Gopal looked very carefully and took his time to see that package of processed and tied lumber, he felt the weight the way it is tied and that crossed plank gave the idea that a single man carries it and by his contrite face I intuited how heavy it was. The last photo is the largest basket I have seen.
It gave me a relief to see on the third day a group of donkeys, some with decorations and bells around their necks, and they rattled as they passed us. They were carrying stone slabs and a muleteer behind, it was a respite to see other transportation alternatives, then there were the water buffalo, horses that also do the loading work.

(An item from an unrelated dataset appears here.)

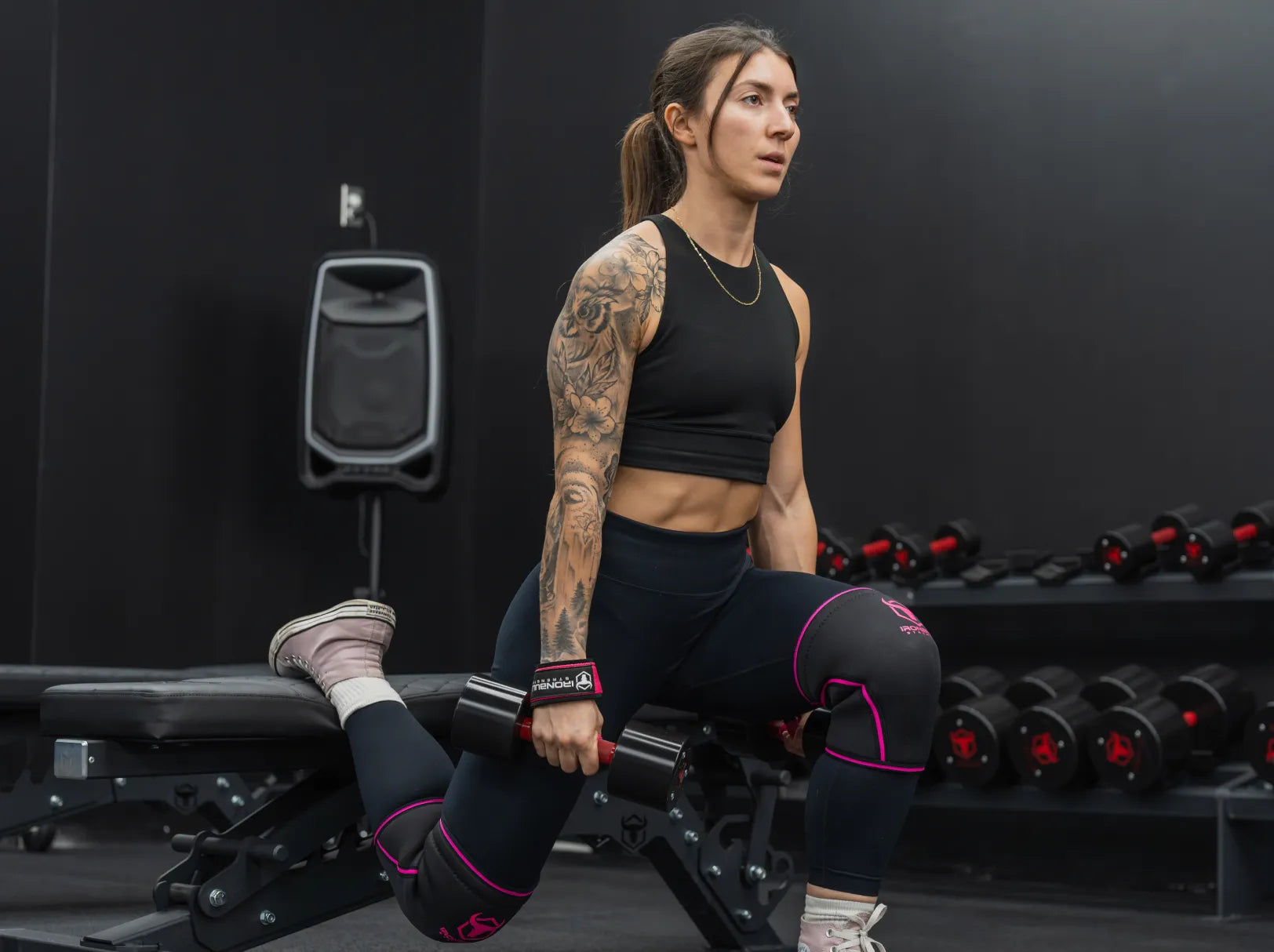 Female weightlifter training in gym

The yak is an animal that only lives in the Himalayas, it supports a height of over 4 thousand metres and the cold, many degrees below zero, its thick fur covers it. Milk, cheese, and meat, is what is obtained as food and from the fur, covers and coats, the meat is somewhat tough. I saw several young yak a couple of weeks old playing like cubs
In the Himalayas the flora occurs over 5,000 meters high, the forests over 3,000, compared to the Andes and the Alps that occur up to 2000 meters. Some protected plants next to a rock, others adapted to the wind and these have flat, low and hard leaves at ground level. A little miracle. It is appreciated to see them among so many rocks and rugged landscape that one walks for days …… a violet one appears… a yellow one there… I don't know how they survive, with the lack of oxygen, or which insect pollinates them.
I end by thanking the brave, strong and fragile "flowers", whose colours when I saw them as I passed gave me joy. Protected in a crevasse, in a small space behind the rocks and there they endured the worst of storms, wind and cold and they reinvent themselves each season after 9 months of snow.